21 501-30 Raad voor Concurrentievermogen

Nr. 283 BRIEF VAN DE MINISTER VAN ECONOMISCHE ZAKEN, LANDBOUW EN INNOVATIE

Aan de Voorzitter van de Tweede Kamer der Staten-Generaal

Den Haag, 9 maart 2012

Hierbij bied ik u mede, namens de staatssecretaris van Onderwijs, Cultuur en Wetenschap, het verslag aan van de informele Raad voor Concurrentievermogen van 1-3 februari jl. in Kopenhagen. Vanwege het informele karakter van deze Raad vond een vrije gedachtewisseling plaats zonder besluitvorming.

De bijeenkomst bestond uit twee delen: een onderzoeksdeel en een deel over interne markt. Tijdens het onderzoeksdeel wisselde de Raad informeel van gedachten over Horizon 2020. Tijdens het tweede deel van de Raad wisselde de Raad van gedachten over de digitale interne markt.

Horizon 2020: het kaderprogramma voor onderzoek en innovatie

Namens het voorzitterschap leidde minister Østergaard de gedachtewisseling over Horizon 2020 in. Hij benadrukte daarbij dat Horizon 2020 zich zal richten op de gehele innovatieketen van onderzoek tot aan de markt. Het principe van excellentie zal de basis blijven van Horizon 2020. Ook benadrukte hij de beoogde vereenvoudiging van het programma ten opzichte van de huidige programma’s. Het voorzitterschap beoogt tijdens de Raad voor Concurrentievermogen van mei een hoofdlijnenakkoord te bereiken.

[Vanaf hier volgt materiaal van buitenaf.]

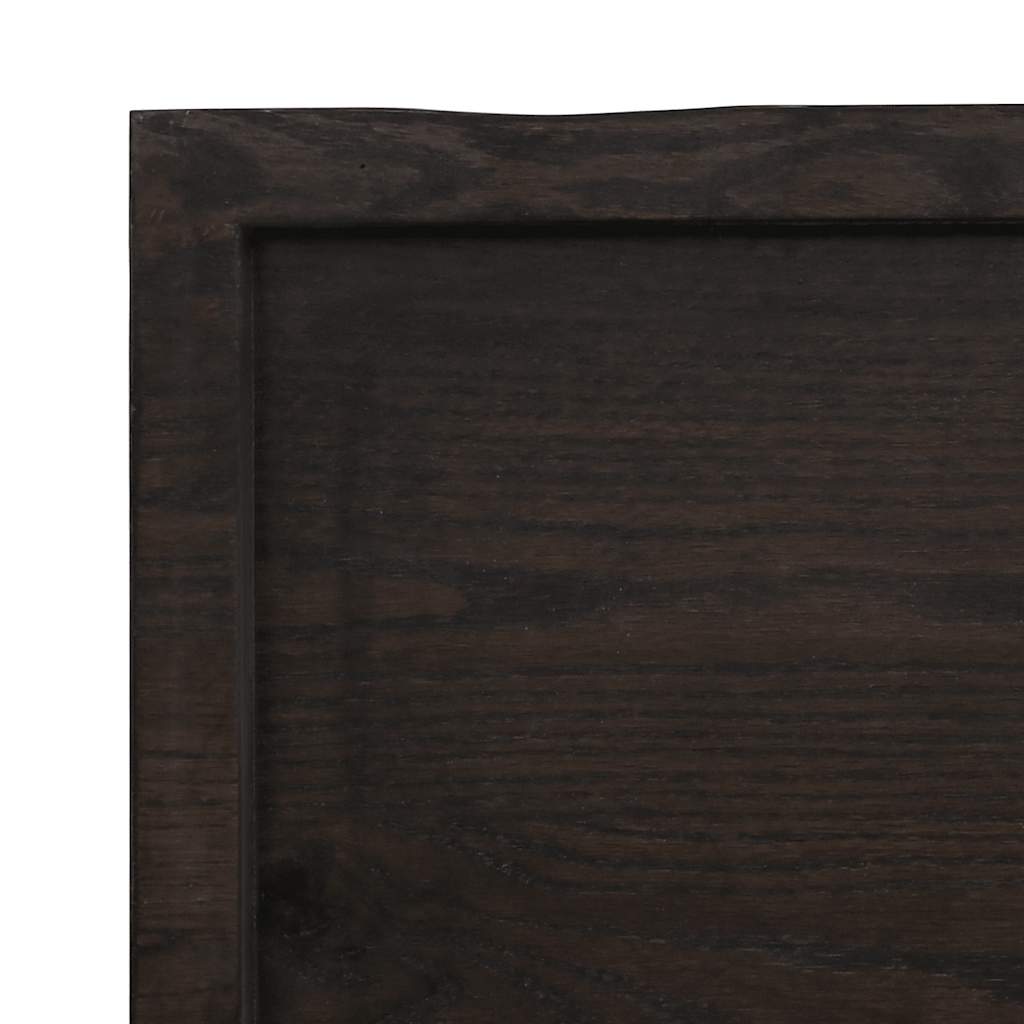 bordplade 200x40x(2-4) cm naturlig kant behandlet træ mørkebrun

Commissaris Geoghegan-Quinn benadrukte namens de Commissie het belang van investeringen in excellent onderzoek en innovatie voor groei en banen. Naast het vrijmaken van extra middelen voor onderzoek en innovatie in het Meerjarig Financieel Kader van de EU voor 2014–2018 is een efficiënte besteding van deze middelen volgens de Commissaris van belang. Horizon 2020 zal zich richten op een excellente kennisbasis, industrieel leiderschap en het aanpakken van maatschappelijke uitdagingen. Ten opzichte van eerdere Europese financieringsprogramma’s voor onderzoek kenmerkt Horizon 2020 zich door een eenvoudiger financieringssysteem, meer synergie met het beleid van de lidstaten, de integratie van onderzoek en innovatie en een interdisciplinaire aanpak van maatschappelijke uitdagingen. Ook zal Horizon 2020 een nieuw mkb-instrument introduceren. De commissaris benadrukte dat alleen de beste projecten in Horizon 2020 gefinancierd zullen worden, ongeacht de plaats van herkomst van de deelnemers.

Commissaris Hahn gaf namens de Commissie een toelichting op de commissievoorstellen rond het Cohesiebeleid voor de jaren 2014 tot en met 2020. Hij ging daarbij vooral in op de bijdrage van dit beleid aan onderzoek en innovatie. De cohesiemiddelen zullen zich richten op de Europa 2020-strategie voor Groei en Banen en kennen een thematische concentratie door middel van elf doelstellingen. Een van die doelstellingen is het versterken van onderzoek, technologische ontwikkeling en innovatie. Daarbij zal de nadruk liggen op grote onderzoeksfaciliteiten, en het stimuleren van private R&D-investeringen en toegepast onderzoek. Complementariteit tussen het cohesiebeleid en Horizon 2020 zal volgens Hahn gevonden worden door de financieringsregels te harmoniseren, door voor deelnemers bij beide programma’s dezelfde bekostigingssystematiek te hanteren en door het beter mogelijk te maken dat één project via meerdere fondsen gefinancierd kan worden.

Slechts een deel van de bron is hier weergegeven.